Publication of data for global dissemination and collaboration¶
Publishing and making data available via ESGF (Earth System Grid Federation) does not imply long-term archival of the data.
The ESGF allows for global online visibility and accessibility of data products as well as globally uniform interfaces for web-based data search, access and subsetting. Especially the large Model Intercomparison Projects (MIPS) conducted in recent years (e.g. CMIP6) could not have been facilitated without effective ways of making petabytes worth of climate model data globally available.
Step by Step Guide for ESGF¶
0) Initial contact to DKRZ for clarification of publication conditions¶
The following points have to be clarified before data can be accepted for ESGF-publication:
Data storage and volume
Data Reference Syntax
Contact DKRZ’s ESGF-team with a request to publish a dataset in the ESGF, including information on the project (own project or part of a bigger consortial context?), the expected data volume and storage.
Data published in the ESGF via DKRZ must be stored on the in-house HPC lustre file system. The quota needed for sustainable storage of the data must be provided by the data provider if it is not part of a larger consortium like e.g. CMIP. Quota on HPC File System is granted in the framework of a data project at DKRZ.
Data published in ESGF must be in a standardised netCDF-format.

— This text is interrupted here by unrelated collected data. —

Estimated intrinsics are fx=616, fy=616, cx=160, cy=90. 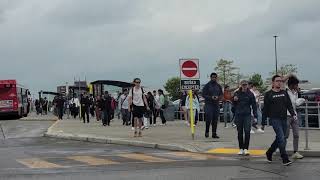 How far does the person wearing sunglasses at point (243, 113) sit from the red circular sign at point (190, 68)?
11.7 ft

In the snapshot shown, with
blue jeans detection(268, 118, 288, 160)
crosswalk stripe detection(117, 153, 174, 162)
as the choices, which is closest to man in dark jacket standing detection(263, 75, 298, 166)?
blue jeans detection(268, 118, 288, 160)

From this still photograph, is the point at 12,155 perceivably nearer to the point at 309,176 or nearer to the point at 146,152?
the point at 146,152

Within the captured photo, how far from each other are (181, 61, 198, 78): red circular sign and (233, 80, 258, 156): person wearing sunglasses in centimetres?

If your data is a contribution to a community project, the data standard is provided by that project, see e.g. the CMIP6. If you want to publish data from your own project, it is recommended that the data is standardised along the lines of existing standards.

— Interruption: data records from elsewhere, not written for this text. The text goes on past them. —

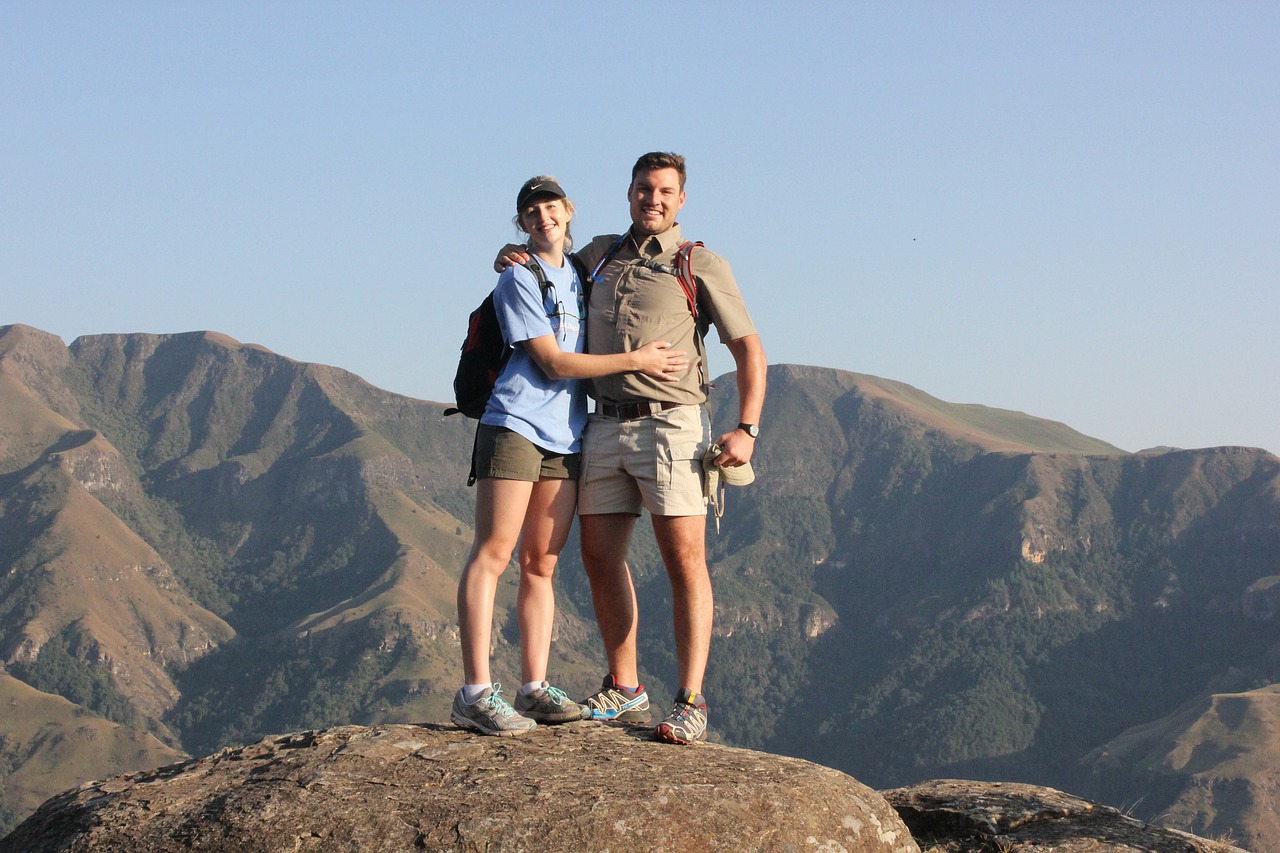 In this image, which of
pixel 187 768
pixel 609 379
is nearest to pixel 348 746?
pixel 187 768

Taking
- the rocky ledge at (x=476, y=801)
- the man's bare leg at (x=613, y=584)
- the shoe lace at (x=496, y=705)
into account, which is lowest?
the rocky ledge at (x=476, y=801)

The directory structure of data published in ESGF must strictly follow a predefined Data Reference Syntax (DRS) so that the data can be accessed via the ESGF faceted search in the web-interface. Essentially, the DRS is a defined directory structure allowing for a clear identification of an individual file in the myriad of files available in large MIPs.
Data structures which do not comply with the agreed DRS are not publishable in ESGF
Every project in ESGF may define its own preferred DRS
1) Establish and sign publication agreement¶
The publication agreement form is available for download
The information regarding the organisation of the data, adherence to data standards, especially the DRS, have all been discussed in step 0).

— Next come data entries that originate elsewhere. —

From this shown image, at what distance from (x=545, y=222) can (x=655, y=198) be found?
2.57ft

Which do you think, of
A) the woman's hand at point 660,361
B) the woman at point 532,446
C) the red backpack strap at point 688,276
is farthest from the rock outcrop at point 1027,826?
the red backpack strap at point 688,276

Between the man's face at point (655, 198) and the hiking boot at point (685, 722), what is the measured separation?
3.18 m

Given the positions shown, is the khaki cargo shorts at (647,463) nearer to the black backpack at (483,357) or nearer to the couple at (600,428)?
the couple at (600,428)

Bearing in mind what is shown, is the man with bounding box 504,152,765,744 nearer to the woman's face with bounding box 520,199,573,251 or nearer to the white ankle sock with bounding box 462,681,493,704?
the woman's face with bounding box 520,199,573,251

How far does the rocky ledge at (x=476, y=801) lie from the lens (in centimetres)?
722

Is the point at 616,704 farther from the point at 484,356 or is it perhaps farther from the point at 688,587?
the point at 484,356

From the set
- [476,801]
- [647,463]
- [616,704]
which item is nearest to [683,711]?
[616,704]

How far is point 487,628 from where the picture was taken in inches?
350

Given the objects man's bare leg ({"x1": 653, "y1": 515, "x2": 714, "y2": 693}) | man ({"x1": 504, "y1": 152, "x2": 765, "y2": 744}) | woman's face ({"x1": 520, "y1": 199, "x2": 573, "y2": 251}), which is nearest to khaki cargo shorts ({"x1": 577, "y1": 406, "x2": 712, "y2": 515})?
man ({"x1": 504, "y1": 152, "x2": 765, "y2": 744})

Ensuring that the data to be published in ESGF remain publicly accessible at the location specified in the publication agreement is essential.
2) Data standardisation¶
Your data need to comply with the structure laid out in the publication agreement - the processing of the data is to be performed by you
DKRZ provides services, e.g. software packages like cdo cmor for the process of the data standardisation.
Once the processing of the data in accordance with the publication agreement is completed, the data have to be openly accessible on DKRZ’s lustre file system for quality assurance checks by DKRZ staff.
3) QA checks¶
- DKRZ staff performs quality assurance (QA) checks for the compliance with the data standards laid out in the publication agreement.
If the data passes the QA checks, publication in ESGF can proceed.
If the data are found to not fulfil the required standards, you are informed by DKRZ staff about the amendments needed - after these have been applied, the data will be checked again (and sent back with requests for amendments if needed)
4) Data ingestion into the ESGF catalogue¶
DKRZ staff sets up and performs the ingestion of the data into the ESGF catalogue
Please note: data published in ESGF which is stored on the DKRZ lustre file system is not backed up!
5) ESGF publication and data access via the DKRZ CMIP data pool¶
Once fully ingested, the data are findable and accessible via the ESGF web interface
Addtionally, the data are accessible to DKRZ users on Mistral via the DRKZ data pool.
This also holds for all other datasets published in ESGF by DKRZ, i.e. CMIP5, CORDEX, ReKlies or MiKlip data are easily accessible and do not have to be downloaded. For more information, please see the description of the DKRZ CMIP data pool
6) Long-term archival of the data at DKRZ¶
If desired, the data can be preserved using the long-term archiving service at DKRZ
The option to archive data in LTA WDCC is part of the publication agreement signed at the beginning of the ESGF publication process and involves further interaction between DKRZ staff and the data provider. For more information regarding the process, please refer to the and/or contact firstname.lastname@example.org.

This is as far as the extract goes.